I've become a fan of macro (or Micro in the case of Nikon) lenses. When you can really snuggle up close to your subject, it opens up a whole new way of seeing the world. With all of the advantages of macro lenses, there are some disadvantages. Some are quite large and heavy. And some are pretty slow, like my f/4 50mm Macro-Takumar. That's why I was pretty excited when my good friend and Leica guru Ken Hansen told me about a Leica 60mm Macro-Elmarit R f/2.8 lens he had for sale. I am pretty familiar with most of the lenses available for the R series Leica bodies, but I had never heard of this one. As a Leica dealer for over 40 years, Ken knows what he's talking about, so when he told me that the Macro-Elmarit was a superb performer, both for macro photography and as a general walk around lens, I was sold!
Leica's R body SLR cameras are not as well known as their M rangefinders. And while photographers have varying opinions on the cameras, almost everyone agrees that the Leica R lenses are every bit as good as their M counterparts, both optically and in build quality. When the lens arrived, it had that familiar Leica heft, silky smooth focus, perfect aperture actuation and an appearance of something that was crafted with pride and care. Being a photographer and not a collector, the real proof would be in the shooting. So I mounted the Macro Elmarit on my Leica R5 body and boarded the Smart Train at the Sonoma County Airport for a Sunday afternoon ride down into Marin County's San Rafael.

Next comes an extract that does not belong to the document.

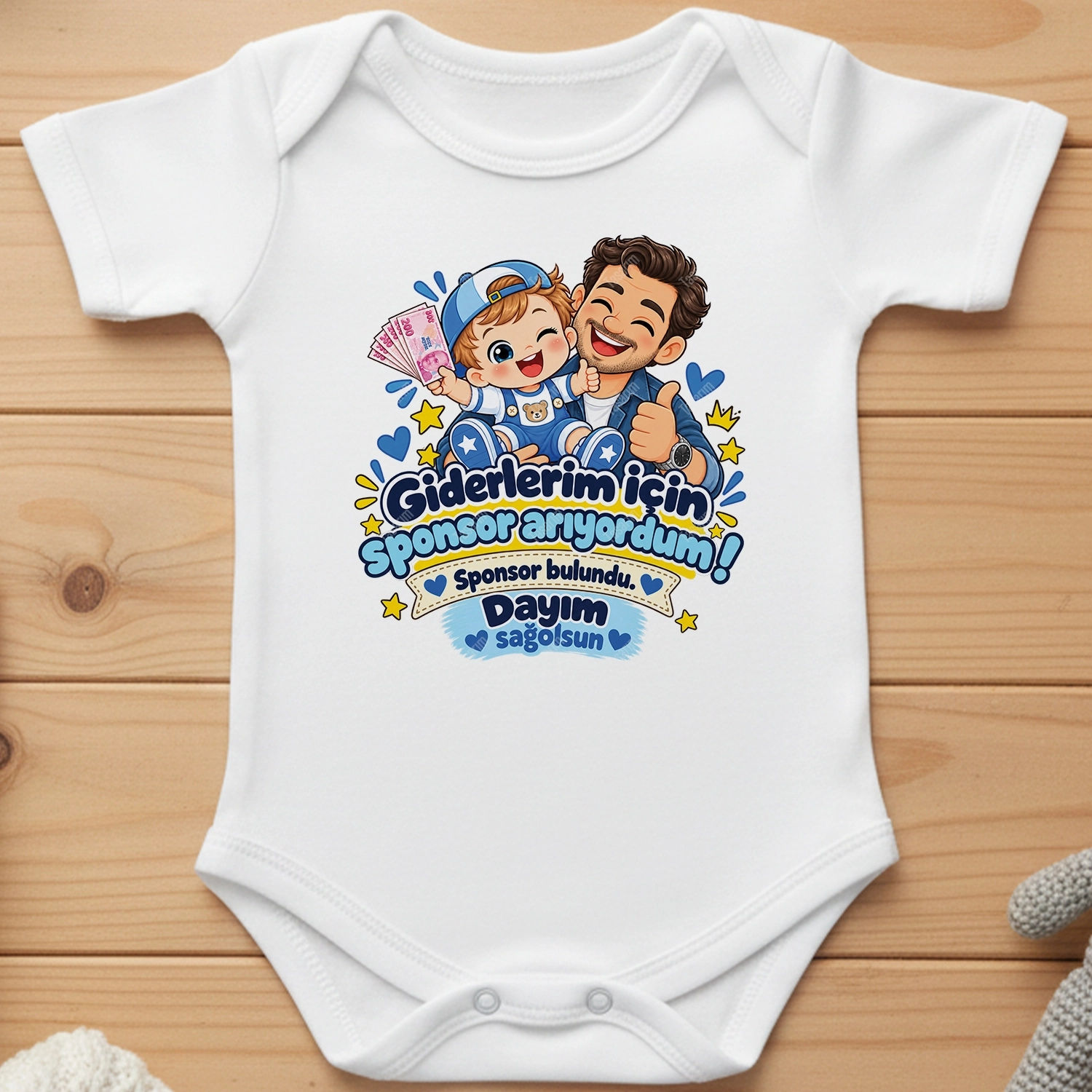 Giderlerim İçin Sponsor Arıyordum Sponsor Bulundu Dayım Sağolsun - Bebek Body Zıbın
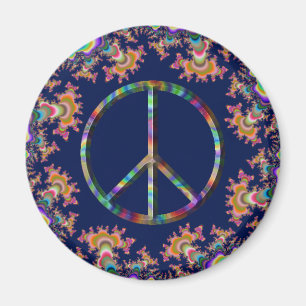Psychedelischer Anemonen-Friedenszeichen-Magnet Magnet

It was a partly cloudy day. I was using Kodak's Portra 400. I set the Leica to 200 ISO and used the aperture priority metering mode. A nice walk through downtown. Care to come along?
Back home, I experimented a bit with the macro capabilities of this lens. I am going to try a tripod and some better lighting to get in closer and use a higher shutter speed next time. However, this lens has possibilities for sure.
And of course, the end of roll selfie.
I enjoyed using this lens a lot. Like all Leica lenses, it is a joy to handle and use. It is pretty close in size and weight to the 50mm Summicron-R lens I own. At f/2.8, it's plenty fast. It is very sharp at infinity and if I want to get serious about macro photography with it, I need to tripod mount the camera and get serious about my lighting. I own two Leica R bodies, this R5, which offers various manual shooting modes plus programmed auto-exposure and a manual mechanical body, the R6. This Macro-Elmarit will find a permanent home on one of them.